The world’s deepest shipwreck has been discovered more than 22,600 feet below the surface of the Pacific Ocean. It is a WWII US Navy destroyer.
The USS Destroyer Escort Samuel B. Roberts (DE-413), known as the Sammy B, was located on Wednesday in the Philippine Sea.
The vessel went down during the Battle of Samar in the Philippine Sea in October 1944 after it was hit by Japanese fire.
The discovery was not made by the scientists but by Texas billionaire Victor Vescovo, who owns a deep-diving submersible.
On October 15, the Japanese tried to engage Allied navy forces off the coast of the Philippines, which were on their way west and away from the enemy fire line.
The Sammy B was one of the last remaining US ships and is known for its heroic stand against the Japanese, according to BBC.
The ship was outnumbered against the Japanese fleet but held its own until shells punctured through its walls, and it began to sink.
There were 224 men aboard the Sammy, but 89 were killed when it sank, and the rest floated in life rafts for 50 hours before being rescued.
‘It appears her bow hit the seafloor with some force, causing some buckling,’ he shared in a tweet.
‘Her stern also separated about 5 meters on impact, but the whole wreck was together.’
‘This small ship took on the finest of the Japanese Navy, fighting them to the end.’
‘The Sammy B is a small vessel as military ships go, and we weren’t sure that we could find her in the vast and extremely deep ocean where she went down,’ Vescovo told CNN.

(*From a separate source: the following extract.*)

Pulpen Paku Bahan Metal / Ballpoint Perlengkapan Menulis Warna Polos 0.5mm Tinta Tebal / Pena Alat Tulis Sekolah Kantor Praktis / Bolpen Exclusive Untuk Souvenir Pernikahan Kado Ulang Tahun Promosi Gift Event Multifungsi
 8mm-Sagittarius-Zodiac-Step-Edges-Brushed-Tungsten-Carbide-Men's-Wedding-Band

‘But with perseverance, some great historical analysis, and a whole lot of deep ocean technology and hard work, we were able to find her and provide a great opportunity to tell her amazing story.’
It was the first ship to be named after coxswain Samuel Booker Roberts Jr, who enlisted in the Navy in 1939 and fought in WWII.
Roberts has the greatest honor of having three Navy ships named after him: DE 413; DD 823, a destroyer that took part in the first air strikes from a nuclear-powered aircraft carrier; and USS Samuel B. Roberts (FFG 58), the frigate that hit a mine during 1988’s Operation Earnest Will.